IV.
Il en est qui prétendent que les dieux ont été appelés de ce nom, dérivé du grec Θέος parce que Θέεῖν et σειεζθαι signifient courir ou se mouvoir. Assurément ce terme n'indique pas la majesté. La course et le mouvement ne semblent pas l'attribut caractéristique de la divinité. Mais comme le Dieu unique que nous adorons s'appelle aussi Θέος, sans que cependant nous le voyions s'agiter et se mouvoir, puisqu'il n'est pas visible aux regards de l'homme, il est clair que cette dénomination lui est propre et essentielle, et que tous vos dieux n'ont été appelés Θέοι, que par imitation et par empiétement sur les droits du Dieu véritable; mais non à cause de leur course et de leur agilité. Tous les dieux que vous vous forgez tous les jours reçoivent la même désignation. Qu'il en soit ainsi, la preuve en est là. N'appelez-vous pas du nom générique de Θέοι, tous les dieux dans lesquels on n'aperçoit ni course ni mouvement? Par conséquent, si vous qualifiez du même nom vos dieux les plus immobiles, vous démentez tout à la fois et l'étymologie de ce mot, et l'opinion qui rattache la divinité à l'idée première de mouvement et de course.
Si, d'autre part, ce nom est la qualification du Dieu véritable, sa qualification propre, légitime, et non dérivée, montrez-nous qu'entre lui et les êtres que vous transformez en dieux, toutes les qualités sont communes, afin que de la communauté de la substance résulte la communauté du nom. Or, ce Θέος par excellence, par la raison seule qu'il est invisible, exclut toute comparaison avec des dieux qui tombent sous nos sens. Le sens naturel suffit pour distinguer ce qui est invisible d'avec ce qui est visible. Si les éléments sont aperçus de tous; si, au contraire, Dieu n'est visible à personne, comment pourras-tu assimiler à ce que tu vois l'être que tu ne vois pas? Puisque tu ne peux les assimiler ni par les sens, ni par la raison, pourquoi les confonds-tu dans une désignation commune, pour les confondre ensuite dans une même puissance? Voilà, en effet, que Zénon sépare de Dieu la matière du monde; ou du moins il affirme qu'il a passé par elle comme le miel par les rayons. Dieu et la matière sont donc deux mots, deux choses. La différence des termes indique la diversité de la substance. Le mot même de matière le démontre à lui seul. Que si Dieu n'est pas la matière, puisque cela est compris dans sa dénomination, comment les différentes parties de la matière, c'est-à-dire les éléments, seront-ils des dieux, puisque les membres ne peuvent différer d'avec le corps?

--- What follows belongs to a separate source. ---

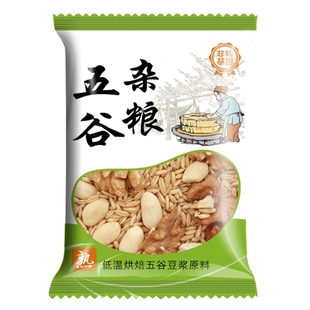 核桃花生豆浆五谷原料包皇曼低温烘焙五谷杂粮打豆浆的原料豆浆包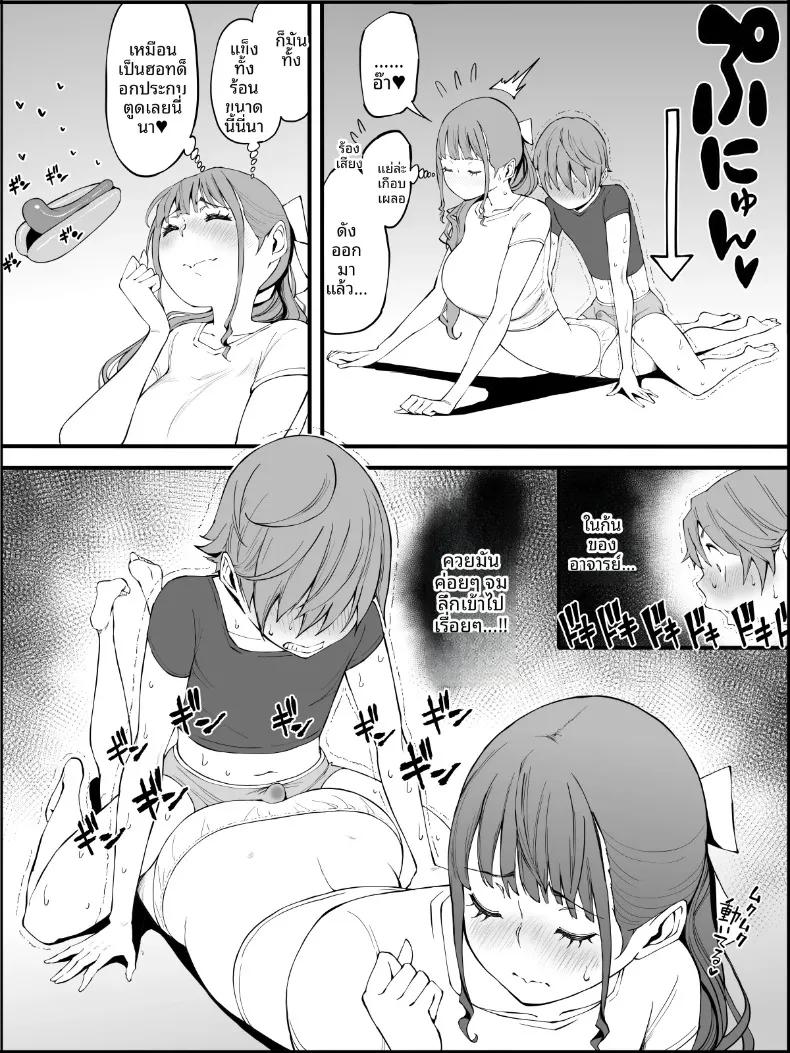 Doujin-Lc- อ่าน โดจิน มังฮวา เกาหลี ญี่ปุ่น จีน แปลไทย ฮาเร็มสัมพันธ์ไม่ผูกมัด (Ail) ตอนที่ 1 2 3 4 5 6 7 8 9 10 11 12 13 14 ฟรี ไม่มีโฆษณา อ่าน โดจิน Manhwa เกาหลี ญี่ปุ่น จีน เรามีครบ คัดมาให้เน้นๆ โดจิน 18+ รับประกันความฟินโดย  Doujin Lc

Mais qu'ai-je à démêler avec les arguments des philosophes? Il aurait fallu qu'ils remontent à la création du monde, au lieu de se plonger dans toutes les incertitudes. Je ne sais quel rêveur a imaginé, peut-être d'après Platon, que le monde, carré d'abord, avait reçu ensuite la forme circulaire, sans tête comme sans issue. Épicure, après avoir dit: « Ce qui est au-dessus de nos têtes n'a rien de commun avec nous, » s'avisant un jour de regarder le ciel, y aperçut le soleil, auquel il donna un pied de diamètre. Avouons-le! la modération était encore dans les cieux. Mais, à mesure que le luxe s'accrut, le soleil profita de ses progrès pour grandir aussi. Les Péripatéticiens voulurent bien reconnaître qu'il était plus grand qu'on ne le disait. Mais, je vous le demande, quelle sagesse trouvez-vous au fond de ces conjectures sans fin? Que prouvent cette affectation de gravité, ces affirmations oiseuses, et tous ces riens que recouvre la pompe du langage? C'est donc à bon droit que Thalès de Milet mérita de tomber dans un puits, en se promenant des yeux dans l'immensité du ciel, et d'apprêter à rire à cet Égyptien qui lui dit: « Tu ne vois pas ce qui se passe à tes pieds, et tu veux savoir ce qui se passe là-haut. » Thalès au fond de son puits est le symbole de ces hommes qu'une vaine curiosité pousse à étudier la nature, sans s'occuper de celui qui l'a créée et qui la gouverne: ils s'agitent dans le vide.